COLLECTED MATERIAL:
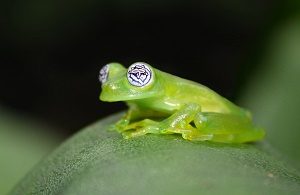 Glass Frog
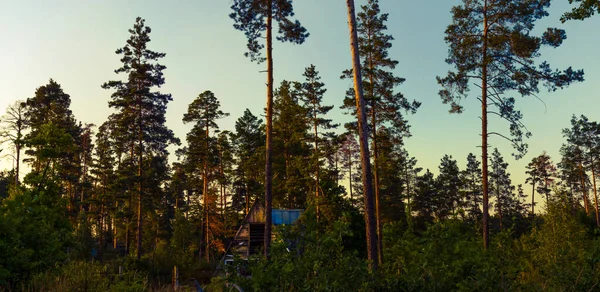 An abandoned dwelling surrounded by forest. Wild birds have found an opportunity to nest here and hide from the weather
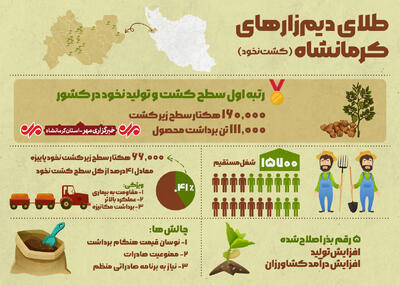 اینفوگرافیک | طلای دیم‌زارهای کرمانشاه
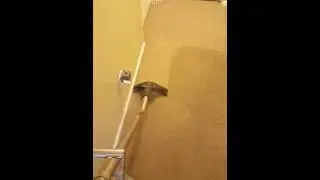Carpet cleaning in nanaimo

TASK: Where an image appears in the data, skip it, and return the rest verbatim.

RESPONSE FOR THIS EXERCISE:
 Glass Frog
 An abandoned dwelling surrounded by forest. Wild birds have found an opportunity to nest here and hide from the weather
 اینفوگرافیک | طلای دیم‌زارهای کرمانشاه
Carpet cleaning in nanaimo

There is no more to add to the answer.